Based on observation and interview, the manager failed to ensure a swimming pool enclosure's gate was locked when the swimming pool was not in use. Findings include: 1. During an environmental tour, the compliance officer observed ambulatory residents on the backyard patio at the time of the inspection, and observed the swimming pool was not in use. The swimming pool was surrounded by an enclosure, separating the pool from the patio and remainder of the back yard. The compliance officer observed the swimming pool enclosure's gate was equipped with a latch which could be secured with a padlock, and a padlock was hanging from the enclosure, next to the gate. The gate was also equipped with a deadbolt lock which required a key. However, the deadbolt was not engaged and the compliance officer was able to open the gate with little effort. The enclosure was equipped with a second gate which granted egress to the main driveway of the facility. The gate was also equipped with a deadbolt which required a key. However, the deadbolt was not engaged and the compliance officer was able to open the gate with little effort. 2. In an interview, E1 acknowledged the swimming pool was not locked when the swimming pool was not in use.
Jun 27, 2023Routine
The following deficiencies were found during the on-site compliance inspection conducted on June 27, 2023:
Based on record review and interview, the manager failed to ensure before or at the time of an individual's acceptance by the assisted living facility, there was a documented residency agreement with the assisted living facility which included the manager's signature and date signed, for one of two residents sampled.
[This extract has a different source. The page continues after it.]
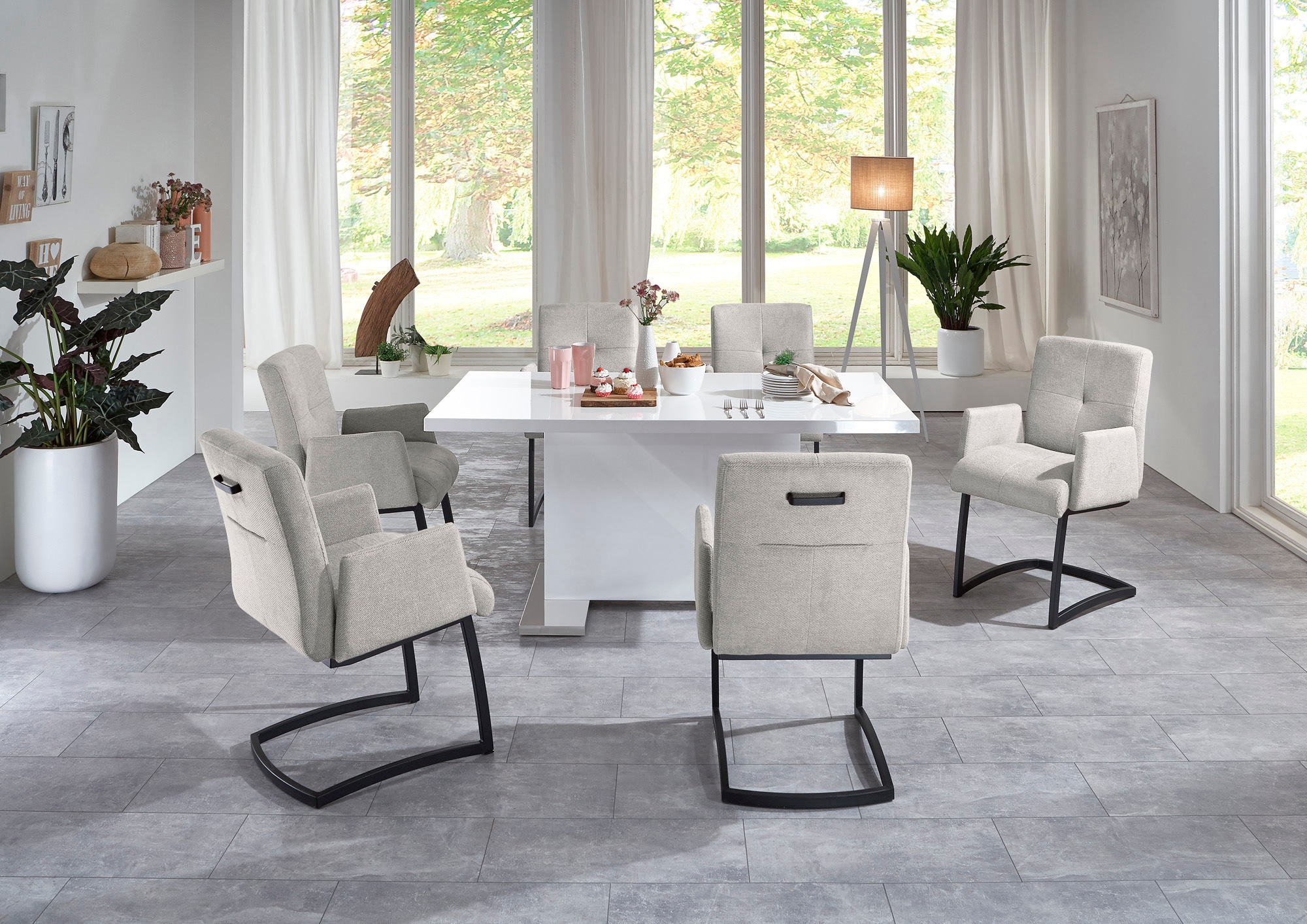 exxpo - sofa fashion Freischwinger »Affogato mit komfortablen Armlehnen« () attraktiven Kreuznaht in der Rückenlehne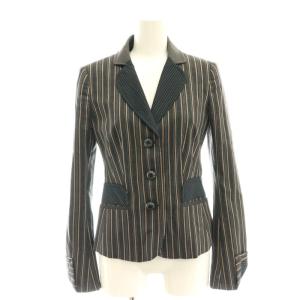 MOSCHINO CHEAP AND CHIC セットアップ 上下 2点セット ストライプ テーラードジャケット スカート 膝丈 プリーツ ウール I38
Findings include: 1. A review of R1's medical record revealed a documented residency agreement, signed by the resident. However, the residency agreement had not been signed or dated by the manager. 2. In an interview, E1 acknowledged the manager had not signed and dated the residency agreement provided for R1.
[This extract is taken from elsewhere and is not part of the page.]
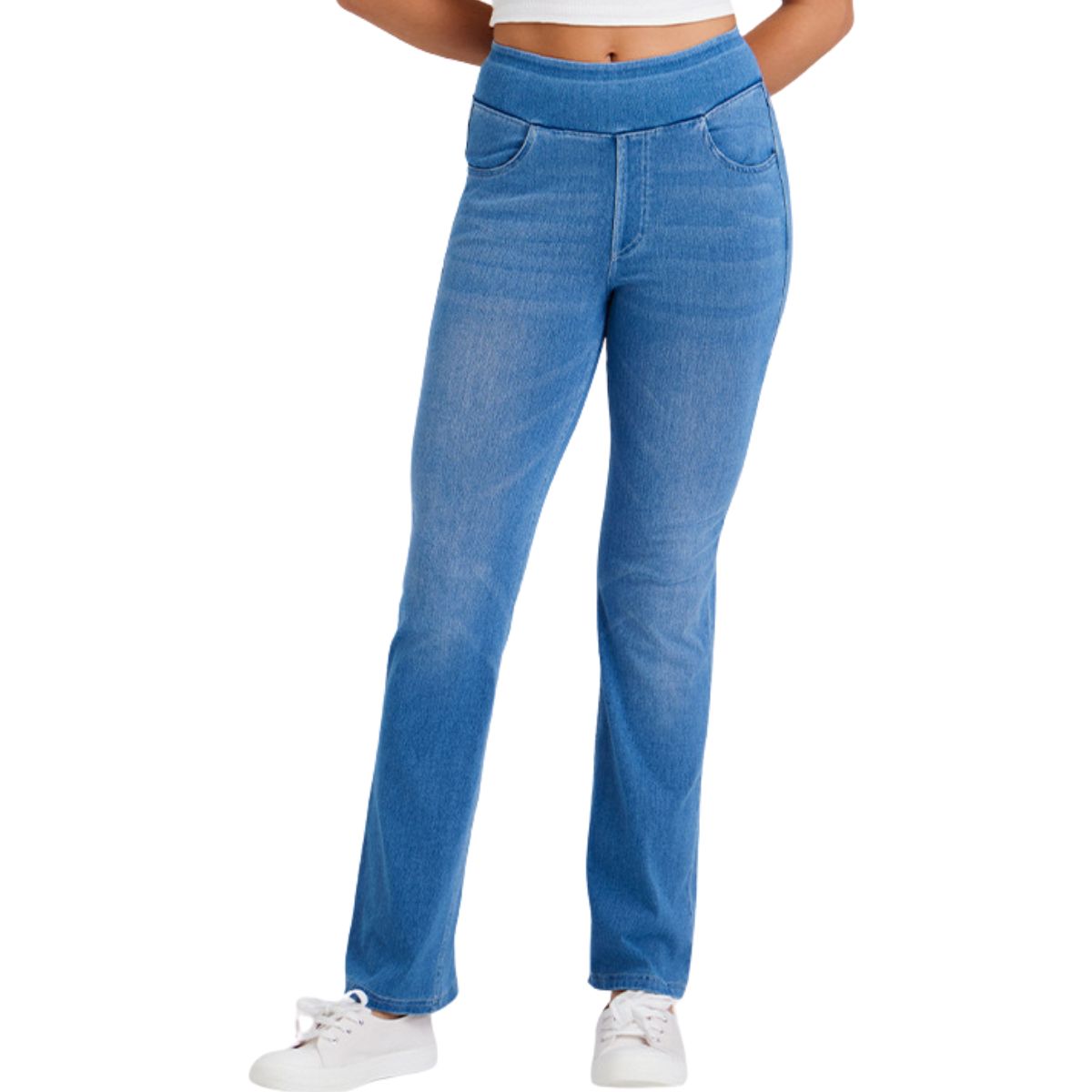 Mid-Rise Washed Whisker Knit Denim Pants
Based on observation, record review, and interview, the manager failed to ensure that medication was stored in a separate locked room, closet, cabinet, or self-contained unit used only for medication storage. Findings include: 1. During an environmental inspection of the facility, the Compliance Officer observed a prescription tube of "Clobetasol" ointment on top of a dresser in R1's bedroom. 2. A review of R1's medical record revealed a service plan, dated April 7, 2023, for personal care services including medication administration. 3. During an environmental inspection of the facility, the Compliance Officer observed the door to the office was open and the keys to the door had been left in the lock. The Compliance Officer observed all four staff present in the kitchen area at the beginning of the inspection and during the facility tour, the Compliance Officer observed E1 left the office unlocked while accompanying the Compliance Officer on the tour. The compliance Officer observed the following medications in unlocked cabinets in the office: - "Rugby Chest Congestion Relief DM syrup"; - "Method Guaifenesin and Dextromethorphan Hydrobromide Syrup"; - "Equate Oxymatazoline HCI Nasal Spray"; - "Acarbixin, Amoxicilina / Acido Clavulanico 500 mg Tablets"; - "Senna SUP 6.8/5 ML syrup"; and - "Equate Pain Reliever Acetaminophen 500 mg capsules." 4. In an interview, E1 acknowledged medication was not stored in a separate locked room, closet, cabinet, or self-contained unit used only for medication storage.
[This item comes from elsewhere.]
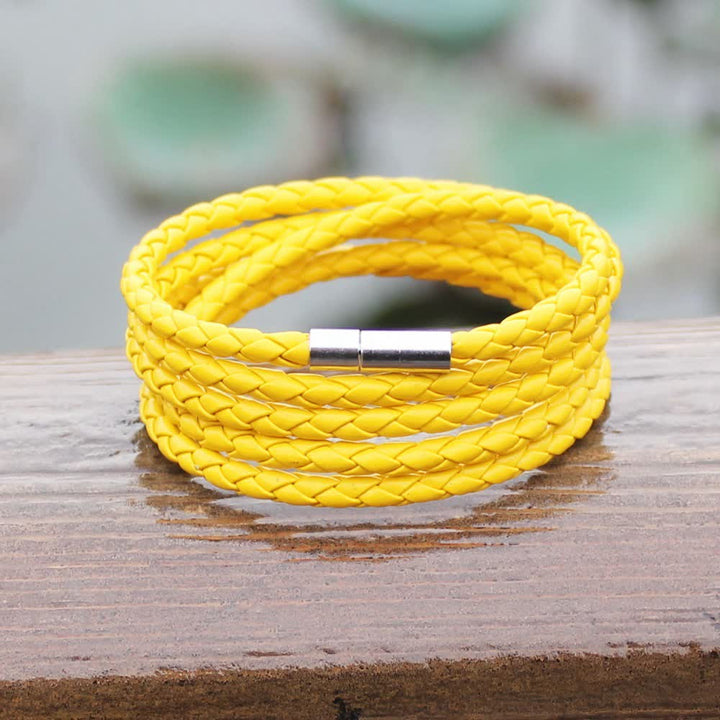 Bracelet en cuir PU tressé à boucle magnétique multicouche - image 13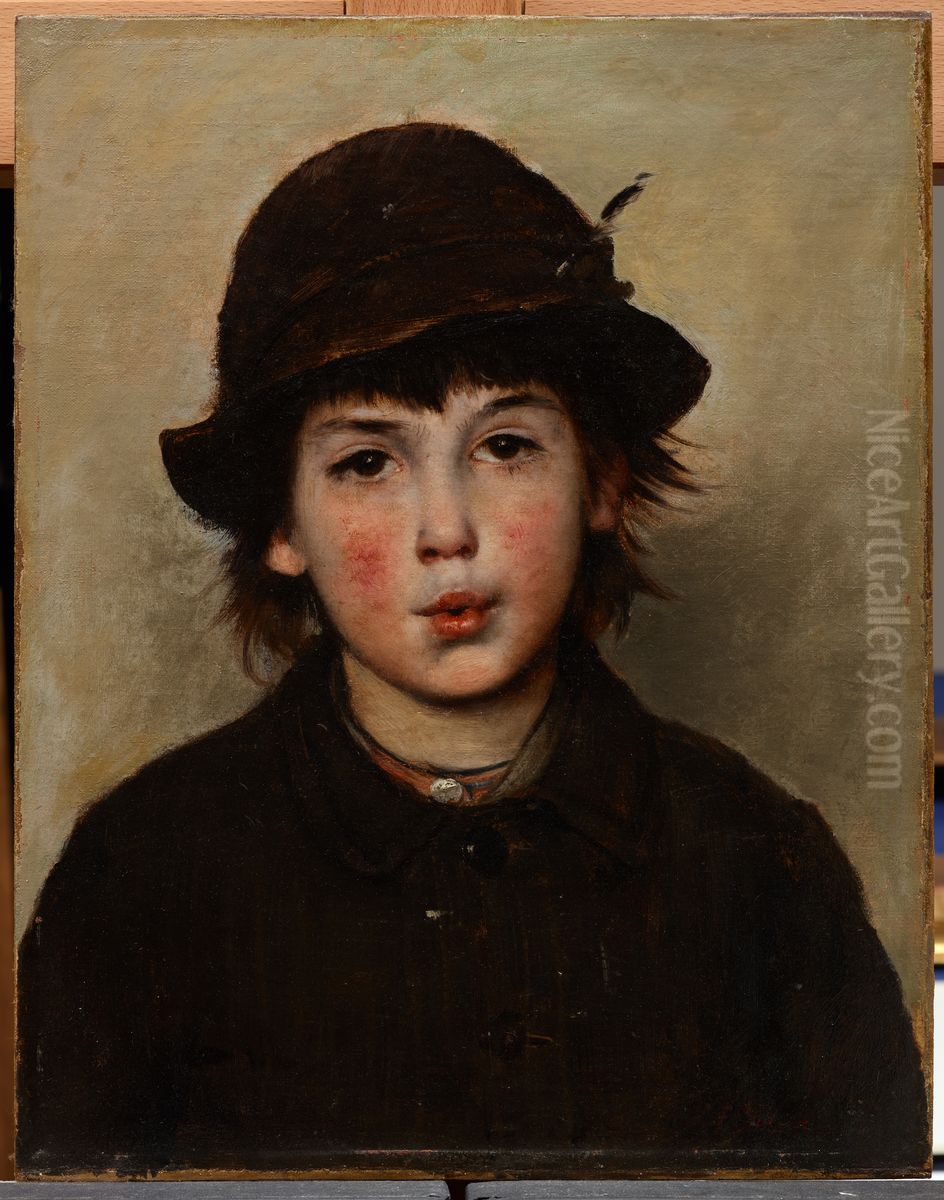 Whistling Boy Oil Painting by Frank Duveneck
Based on observation and interview, the manager failed to ensure poisonous or toxic materials were maintained in a locked area separate from food preparation and storage areas and were inaccessible to residents. Findings include: 1. During an environmental inspection of the facility, the Compliance Officer observed the laundry room door had a lock, however, the door had been left unlocked. The Compliance Officer observed no staff were present inside the laundry room during the inspection. Inside the laundry room, the Compliance Officer observed a tote containing spray bottles of "Clorox Multi Purpose Cleaner," and, "Great Value Glass Cleaner." Inside a cabinet, the Compliance Officer observed a gallon bottle of bleach. 2. In an interview, E1 acknowledged poisonous or toxic materials were not maintained in a locked area inaccessible to residents.